So lately I’ve been working on a multi-user database on Amazon EC2 using Ubuntu Server 9.10 (Karmic Koala) and postgreSQL 8.3.
I wrote in the last entry about how cool it is that you can connect hard drives so easily, and I want to say something more about it. While I was reading the fine manual, I learned about partitioning the database for increased performance.

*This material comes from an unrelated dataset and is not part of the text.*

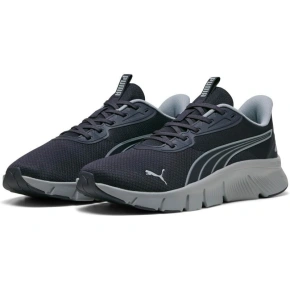 Puma Flexfocus Lite Modern Woven M 31148104 Puma Flexfocus Lite Modern Woven M 31148104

When I say that my database is fully partitioned now, that means that I’ve spread my data out over multiple drives so that multiple read and write operations can be going on at the same time, where a single drive would be wasting a lot of time in seek mode. Thanks to Amazon’s Elastic Block Storage, I can create disk volumes that are only as large as I need them to be. In this case it’s 1-5GB (when’s the last time you saw a 2GB HDD for sale?) If I was building a computer on my own, the smallest I could get would be 40GB, so if I wanted to attach 5 of those, it would cost quite a bit even using small drives. But on Amazon, I only pay $0.15 / GB for every month that I have the volumes reserved. Checking my current AWS statement, for the 15 days in November it’s only cost me ~$1.50 for the hard drive space and ~$20 for the server time. Sweet!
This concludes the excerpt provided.